According to a preferred method, it is determined as part of the evaluation whether a measuring value or a development of a plurality of measuring values is within a predetermined value range. Preferably, the number of measuring values is evaluated in a special way, e.g. by

• • a measuring value is compared with at least one predefined threshold value and/or
  • a change in a number of measuring values is compared with at least one predefined threshold value and/or
  • a plurality of measured values is checked for a repetitive pattern of measuring values, wherein preferably the checking of the number of measured values for the repetitive pattern of measuring values comprises a recognition of repeatedly occurring measuring value anomalies (e.g. temporary measuring value deflections), in particular those which occur for a short time in comparison to the predetermined period of time of the measuring value acquisition. The evaluation of the number of measuring values preferably comprises a formation of a temporal correlation between a result of a recording of the number of measuring values and at least one process parameter of the device, which is characteristic for an additive manufacturing of a component. Examples of such process parameters are given above.

According to a preferred method, the acquisition of a number of measurement values, and preferably also the control or regulation of the process parameter, takes place during additive manufacturing of a component, preferably continuously or at regular time intervals.

According to a preferred method, the building material is at least partially in powder form and preferably comprises a metal powder.

According to a preferred method, a passivating agent, preferably chalk particles, is added to the process gas flowing through the gas pipe downstream of the process space and/or upstream of the filter unit. As stated above, this passivating agent can lead to quality losses if it enters the Process space. Therefore, the use of the method according to the invention is particularly advantageous here.

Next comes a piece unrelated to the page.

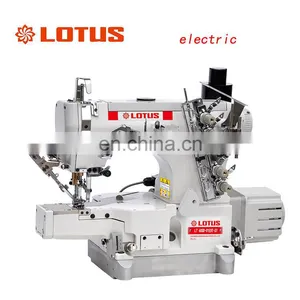 LT 600D-01EUT-ST DIRECT DRIVE HIGH-SPEED CRLINDER-BED ELECTRIC INETRLOCK SEWING MACHINE WITH AUTO-TRIMMER WITH AUTO-THREAD WIPER thumbnail-1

According to a preferred method, the building material is fed into the process space for the production of a component. A dosing device and/or a laying device is arranged in the process space (for this purpose), which applies the building material layer by layer within a construction field. In the course of controlling the device, the building material is preferably dosed by means of the dosing device and/or the layering device depending on the number of measuring values, which may also take place in a different manner based on the measuring values (i.e. deviating from a previously specified manner). Alternatively or additionally, the dosing device and/or the layering device are preferably moved, possibly also in a modified manner.

Preferably, the contamination measuring unit comprises a filter breakage sensor, in particular based on the triboelectric effect, and/or an optical turbidity sensor, and/or a camera, which in particular monitors the brightness of images taken through the process atmosphere, and/or a thermo-optical measuring device and/or a system designed for powder bed monitoring, and/or a measuring device for comparative measurement of a pressure (the differential pressure) at two parallel filter stages.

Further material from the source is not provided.